The movie is shot in a mock-documentary style that seems to be all the rage right now. This doesn’t mean that it makes the film “The Office…. With Aliens!” Quite the opposite, really. The documentary style makes the story much more intense, and fact that Copley plays “Wikus” with such love and humanity that you can’t help but root for him to succeed, despite his government’s eventually betrayal of him, causing him to go on the run, and bond with the aliens that take him in and shelter him from his own kind.
This is a movie about tolerance and equality, which just so happens to showcase some of the best special effects this side of “Star Trek” while keeping its unique vision of the future intact. It’s a rare sci-fi film that will both entertain you and break your heart at the same time.

1) “Fantastic Mr. Fox”

I love Wes Anderson movies. There. I said it. If that comes as a surprise to you then the two of us clearly have not spent enough time together.
“Rushmore” remains my favorite movie of all time. I first watched that movie in my junior year of high school and have been an unrepentant Anderson enthusiast since. His writing style is completely unique. He redefined the words “quirky comedy” and I love him for it. His characters are often immature and needy, finding solace in each other’s quirkiness and childish behavior. His visual style is wholly his own and easy to spot: bright colors, lush backgrounds, and lots of dialogue.
“Fantastic Mr. Fox” marks the first time he has ever adapted someone else’s work. In this case, the British author Roald Dahl’s book of the same name, a tale of a fox who outwits farmer’s and steals their chickens, all with a smile on his face and a clever quip or two.
“Fantastic Mr. Fox” also marks the first time that Anderson ventures into the world of stop-motion, which is usually reserved for the likes of Henry Selick, but I’m glad he did. Turns out Mr. Anderson is a natural at stop-motion storytelling, since his stories always have a child-like innocence to them, the marriage of his and his co-author Noah Baumbach’s writings style with the visual style of stop-motion is a match made in heaven. Clouds are made of beautiful cotton balls, and the farms are handcrafted. There is love in every frame of this film.
The dialogue is also hilarious. The joke throughout this movie is that animals are as petty and unsure of themselves as people, with the characters expressing jealousy, embarrassment, and even narcissism in the case of the main character, Mr. Fox.

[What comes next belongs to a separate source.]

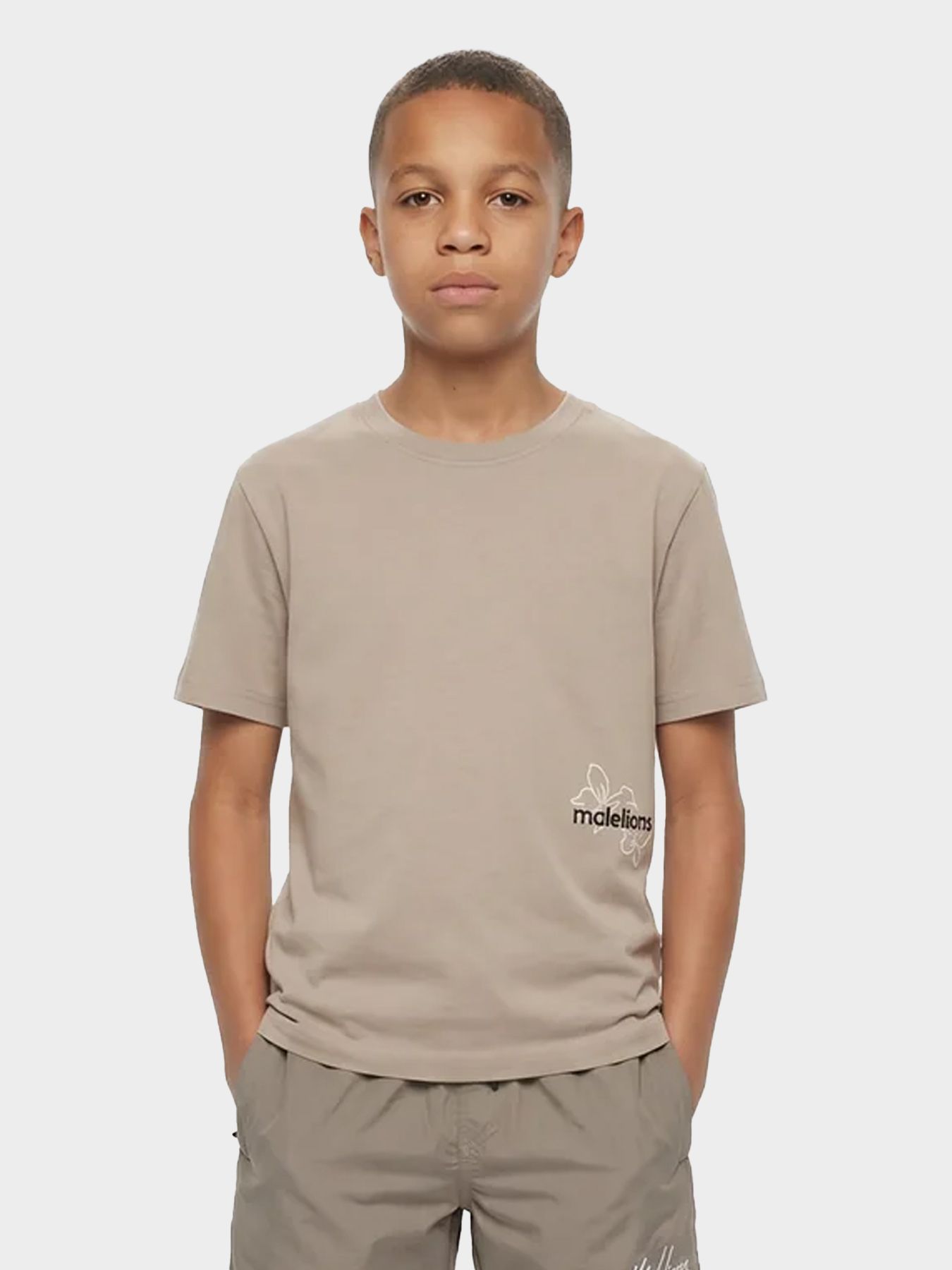 Malelions Malelions Junior Relaxed Botanical T-Shirt 50008 beige 00118396-EKA26010700000022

Mr. Fox’s (voiced by George Clooney) problem is that he knows he is clever. He even writes a newspaper column, though he admits to his wife that he is unsure if the other woodland creatures read it and appreciate his genius.  He is a working fox, struggling to get by on his meager salary. He longs for greater things than his current wages allow, so he decides, with the help of his friend, Possum, that he must turn to a life of crime in order to get what he wants! What he wants is a better life for himself and his family, while all the while trying to connect with his son, who everyone writes off as “strange.”
“Am I different?” the young fox (voiced by “Rushmore” star Jason Schwartzman) asks his mother (voiced by Meryl Streep, who seems to be on a hot streak these last few years, you go, girl!). “Of course, dear, but there’s something a little fantastic about that, isn’t there?” Indeed!
“Fantastic Mr. Fox” is one of those rare films that parents can take their kids to and enjoy it just as much as them, but for different reasons. For the kids, it’s frickin’ stop-motion, starring a fox, what’s not to love? And for the adults, they get the joy of seeing a kids movie in which characters cry and have existential doubts, and relationships grow and develop. It’s the most mature and satisfying “kids” movie that I ever seen (and it wasn’t even by Pixar, hahaha!), and one that I plan on showing my own kids some day.
It is with great pride that I crown “Fantastic Mr. Fox” with the title of Best Movie Of The Year! Take a bow, Mr. Fox, you’ve earned it!